Implementation shapes¶

Orchestration-based saga¶

One service (the orchestrator) owns the workflow state and drives each step explicitly:

OrderSaga:
  1. PaymentService.charge(order)   → on fail: exit
  2. OrderService.create(order)     → on fail: Payment.refund + exit
  3. InventoryService.reserve(order)→ on fail: Order.cancel + Payment.refund + exit
  4. NotificationService.send(order)→ on fail: (log, non-critical)
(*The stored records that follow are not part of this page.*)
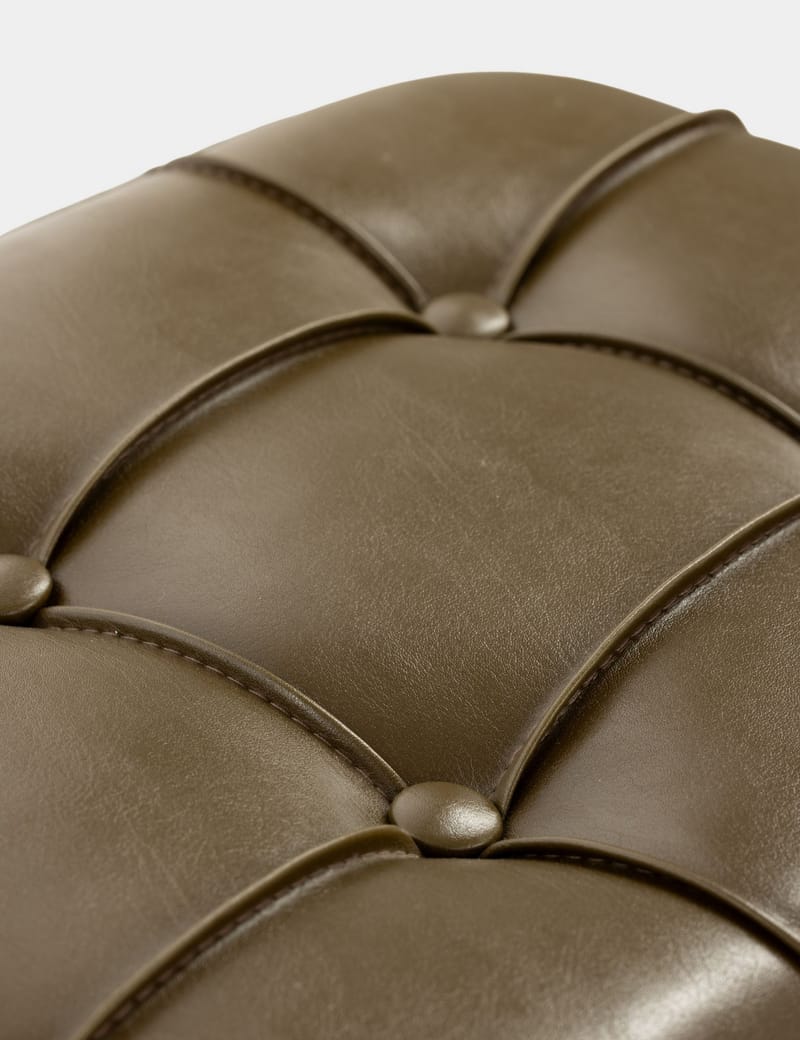 Lenira Sækkepuf 43 cm - Khaki - Møbler - Stole & lænestole - Taburet & skammel - Ottoman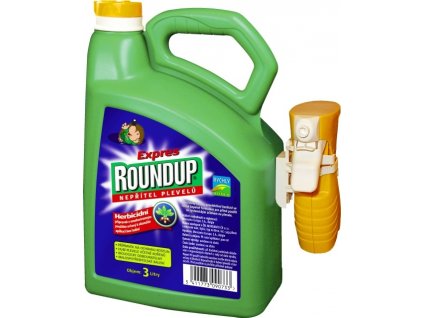 Roundup EXPRESS 3 l ROZPRAŠOVAČ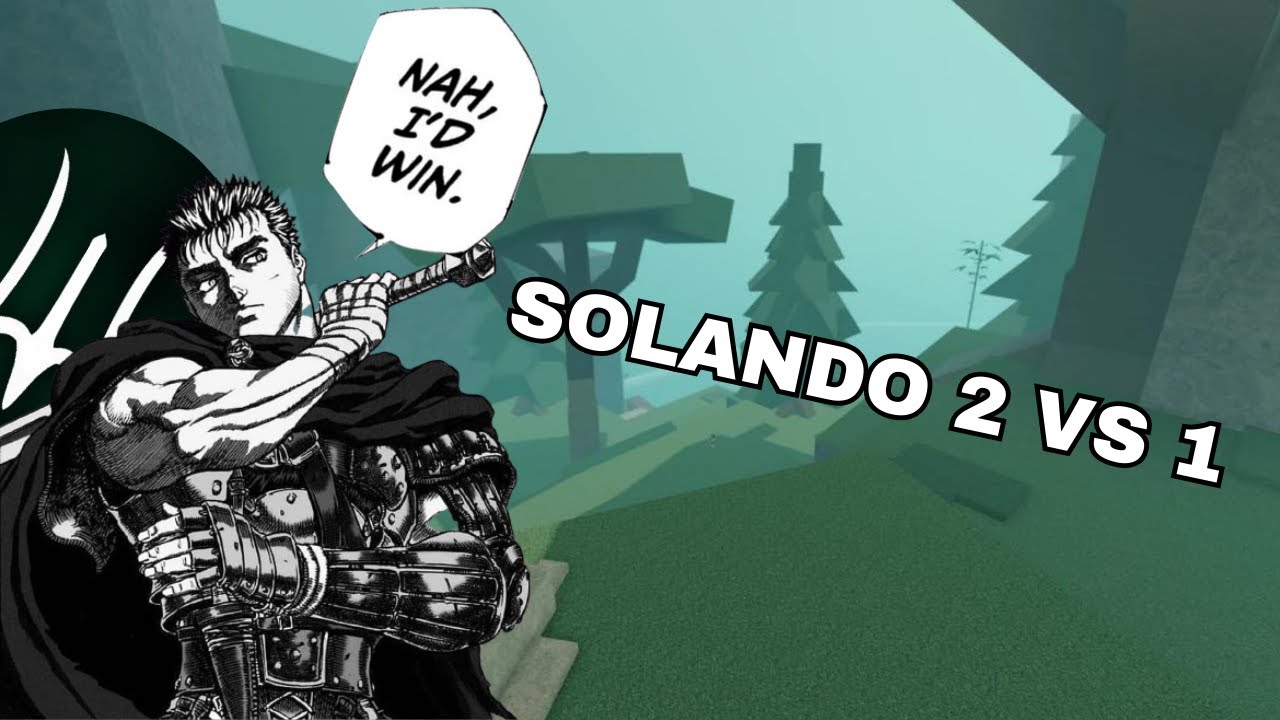 Assim que se lida com duplinha no Deepwoken solando 2 v 1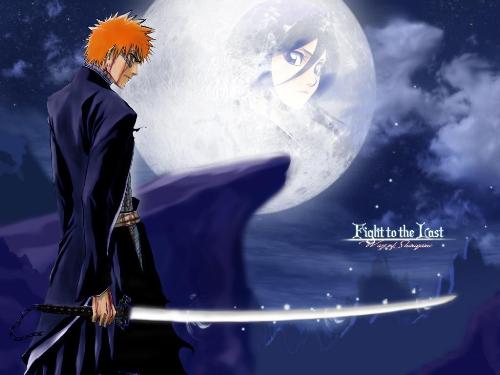 Bleach - Its a character frma a anime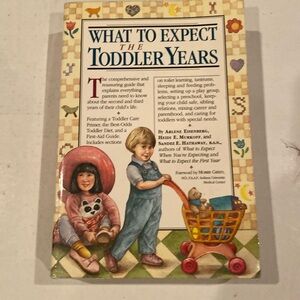 “What to Expect, The Toddler Years,” Softcover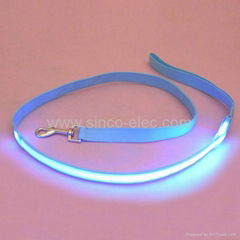 Flashing LED Dog Lead Leash 2.0cm Width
Each step is a short local transaction, each compensation is also a short local transaction, and the orchestrator persists its position in durable state so it can recover after crash. Temporal and Cadence are canonical orchestration substrates for this.

Choreography-based saga¶

No central orchestrator; each service listens for domain events and emits new ones, triggering the next step:

PaymentService.charged → OrderService subscribes, creates
OrderService.created   → InventoryService subscribes, reserves
InventoryService.reserved → NotificationService subscribes, sends
Any *.failed event     → upstream services subscribe + compensate

Chattier, harder to reason about, but no orchestrator single-point-of-failure. Canonical implementation substrate: Kafka / event streams + transactional outbox on each service.

Trade-offs¶

Weaker consistency than a 2PC distributed transaction. Between step 2 and step 3 an external observer can see the system in a state where step 2 is committed but step 3 isn't. Application must be designed for this.
Compensating actions ≠ rollback. A compensation is a semantic undo, not a database rollback. Charging $100 and compensating with refund($100) is not identical to "no charge ever happened" — there are receipts, audit trails, and timing gaps. Some actions (sending email, shipping goods) have no compensating action and must be moved to the end of the saga.
Increased code complexity. N forward steps + N-1 compensations + orchestration logic is substantially more code than one transaction.
Testing discipline required. Every failure-injection path must be tested individually (payment fails; order creates, inventory fails; …). Microservices-patterns literature calls this combinatorial-failure testing.

When to use¶

Platform enforces hard transaction timeouts and the workflow provably exceeds them.
Workflow spans multiple services that don't share a database.
Workflow includes slow external API calls or human-in-the-loop steps that can't be shortened.

When not to use¶

Workflow fits well inside the 20 s tx cap — keep the transaction. Simpler, atomic by construction.
Workflow touches a single row and optimistic locking suffices — use optimistic locking instead, lower complexity.
Workflow is actually analytics (large scan + aggregate
write-back) — it's not a transaction at all, it's an ETL job. Route to Airbyte / Stitch / an OLAP warehouse.

Seen in¶

sources/2026-04-21-planetscale-supports-notes-from-the-field — canonical wiki instance of sagas positioned explicitly as the fix for 20 s transaction-timeout breaches in complex multi-step workflows. PlanetScale Support's own ladder: shorten the tx → optimistic locking (simple case) → sagas (complex multi-step case) → ETL offload to Airbyte/Stitch (OLAP case). Links directly to Richardson's Microservices Patterns chapter 4 as the reference.